Birincisi: O "lâilâhe illallah

"tır, bunu da İbn Ebi Talha, İbn Abbâs’tan rivayet etmiş;

Said b. Cübeyr de böyle demiştir.

İkincisi: O Kur’ân'dır, bunu da Katâde, demiştir.

Onu tasdik edende de üç görüş vardır:

Birincisi: O yine Resûlüllah sallallahu aleyhi ve sellem'dir; o doğruluğu getirmiş ve onu tasdik etmiştir. Bunu İbn Abbâs ile Şa’bî, demişlerdir,

İkincisi: Ebû Bekir’dir, bunu da Ali b. Ebû Talib, demiştir.

Üçüncüsü: Onlar mü’minlerdir, bunu da Katâde, Dahhâk ve İbn Zeyd, demişlerdir.

İkincisi: Doğruluğu getiren Kur’ân ehlidir, o da kıyamet gününde getirecekleri doğruluktur; onun hakkını eda etmişler ve onu doğrulamışlardır. Bunu da Mücâhid, demiştir.

Üçüncüsü: Doğruluğu getirenler peygamberlerdir, bunu da Rebi’, demiştir. Buna göre onu tasdik edenler de mü’minlerdir.

Dördüncüsü: Doğruluğu getiren Cebrâil’dir, onu tasdik eden de Muhammed’dir. Bunu da Süddi, demiştir.

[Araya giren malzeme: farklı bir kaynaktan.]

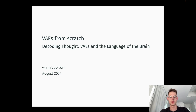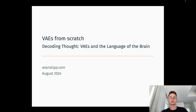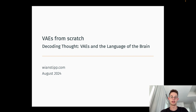Hello and welcome. My name is Vian Stipp. I'm a machine learning research engineer based out of San Francisco and today we're going to discuss variational autoencoders. I'm first going to give you three reasons to convince you why you should learn them, and secondly we're going to go through an implementation from scratch in PyTorch.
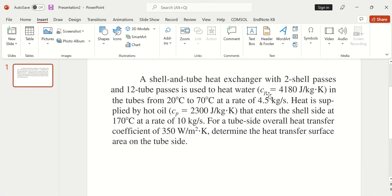In this video we shall design a shell and tube heat exchanger using the LMTD method in Engineering Equation Solver software. The problem: a shell and tube heat exchanger with 1-2 shell passes and 1-2 tube passes is used to heat water from 20°C to 70°C at a rate of 4.5 kg per second. Heat is supplied by hot oil entering the shell side at 170°C at a rate of 10 kg per second. The overall heat transfer coefficient is 350 W/m²K, and we are asked to determine the heat transfer surface area on the tube side.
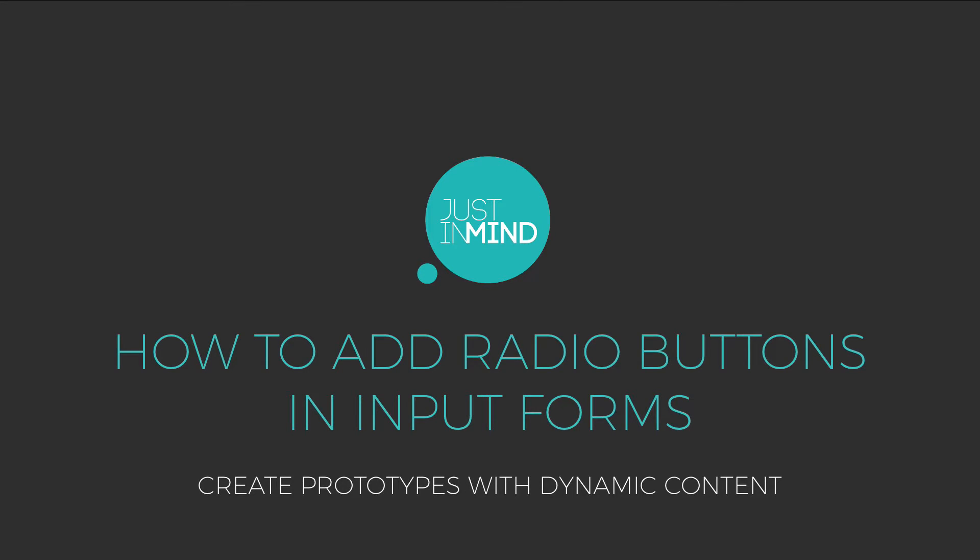With Just in Mind, you can use radio buttons and dynamic panels to add dynamic content to your prototypes.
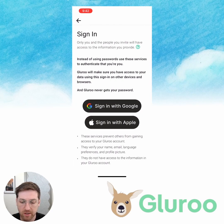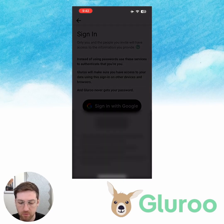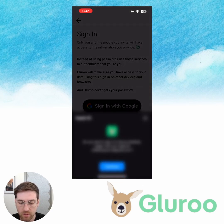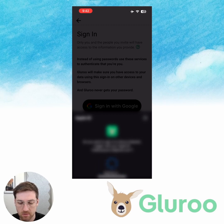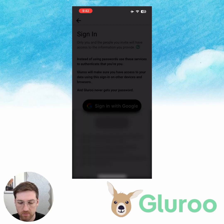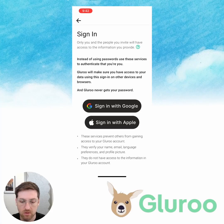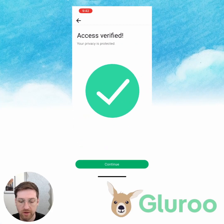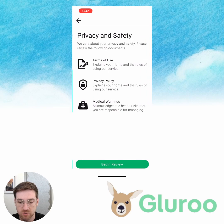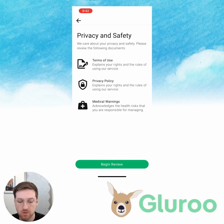Now signing in — I'm going to hit Sign in with Apple and that's going to pull up my Apple ID. Verifying my face. And we have been verified, so we're going to continue.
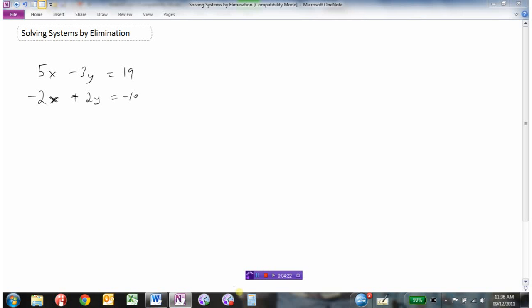Here's another system of equations where we need to eliminate either x or y by getting those coefficients the same. In this case, we're going to have to multiply both equations by something. If I wanted to get rid of x, I could make them both 10 by multiplying the top by 2 and the bottom by 5. Or to get rid of y, multiply the top by 2 and the bottom by 3 to get both coefficients to 6. I'll choose to get rid of the x's.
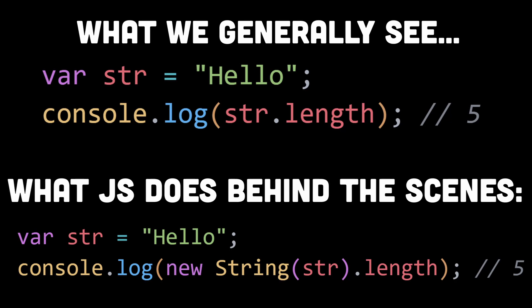It's important to note that this conversion to an object wrapper is done implicitly by JavaScript, so you don't need to explicitly create a String object in your code. The conversion happens automatically behind the scenes when you try to access properties or methods on the primitive string value.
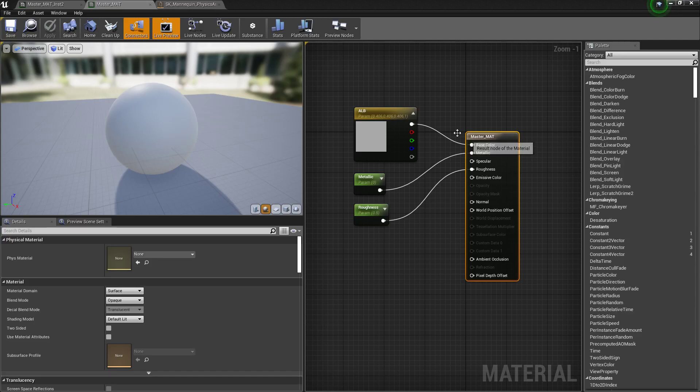Hey guys, Bradley Washer here. I wanted to show you a very useful thing that a lot of people overlook inside of Unreal Engine when it comes to previewing your meshes and your materials.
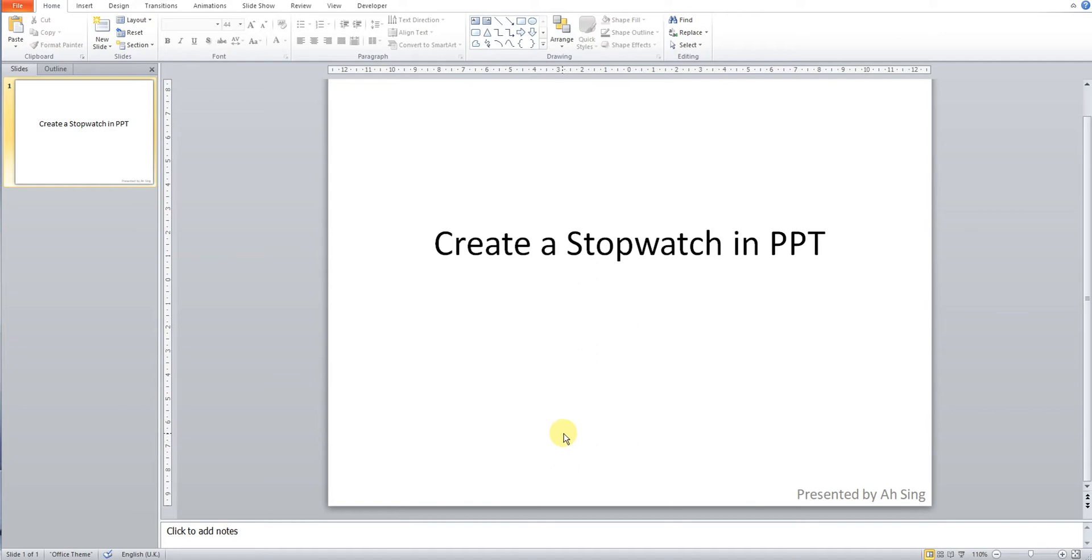Hi, this is Asing. Today I would like to share how to create a stopwatch in PowerPoint.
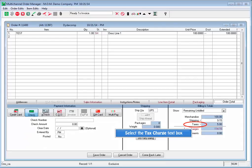The indicator in an order that taxes were imported and not calculated by MOM is the asterisk next to the taxes bucket, and the tooltip telling us 'tax charges were changed on order import.'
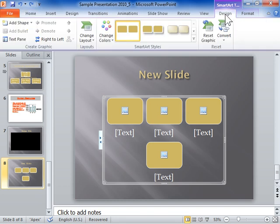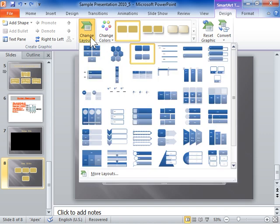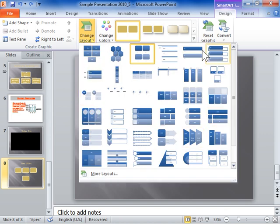In the Layouts area, click the layout to be used. Click More to view more available layouts.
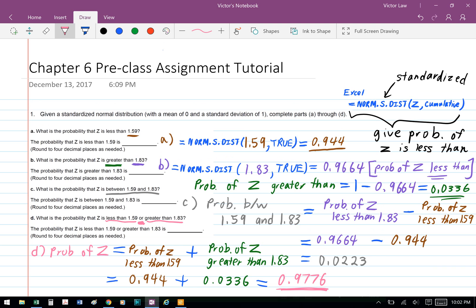Part D: what is the probability that Z is less than 1.59 or greater than 1.83? We add the probability of Z less than 1.59, which we calculated in Part A as 0.944, and then we add it to the probability of Z greater than 1.83, which we calculated in Part B as 0.0336, and when we add these two numbers up, we get 0.9776. And that's Part D.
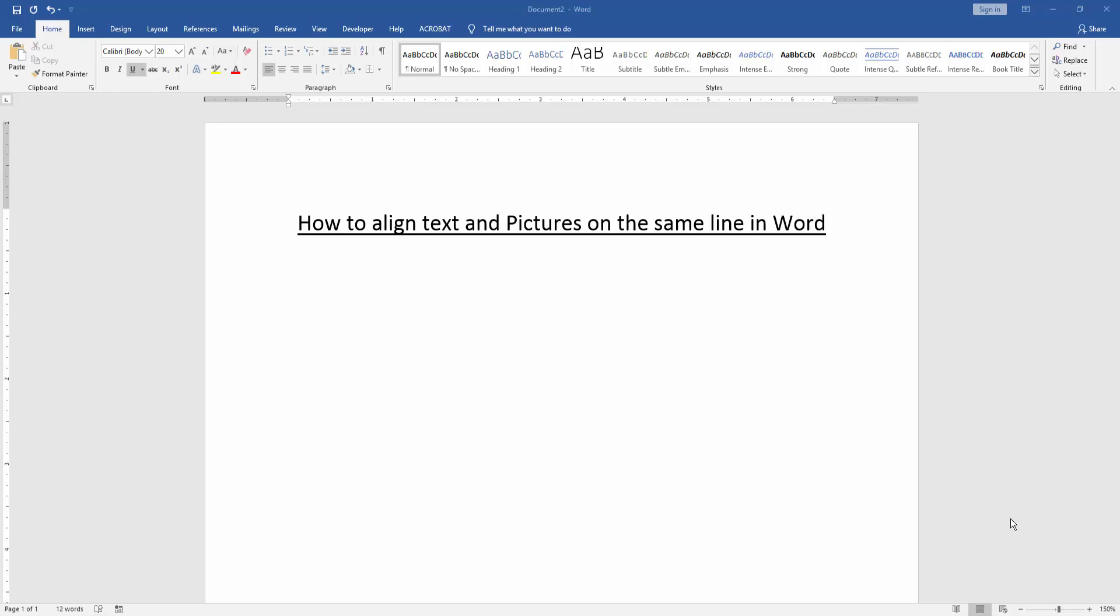Assalamualaikum. Hello friends, how are you? Welcome back to another video. In this video, I'm going to show you how to align text and pictures on the same line in Word. Let's get started.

"İşte onlar gerçek mü’minlerin ta kendileridir": Yani şirkten korkanlardır.

"Hüm” dedi, çünkü

"ellezi” çoğul manasınadır. Dilciler böyle demişler; Ebû Ubeyde ile Zeccâc şu beyti delil getirmişlerdir:

Felç mevkiinde kanları akıtılacak olanlar,

Ey Ümmü Halid, kavimdir, hem de hepsidir!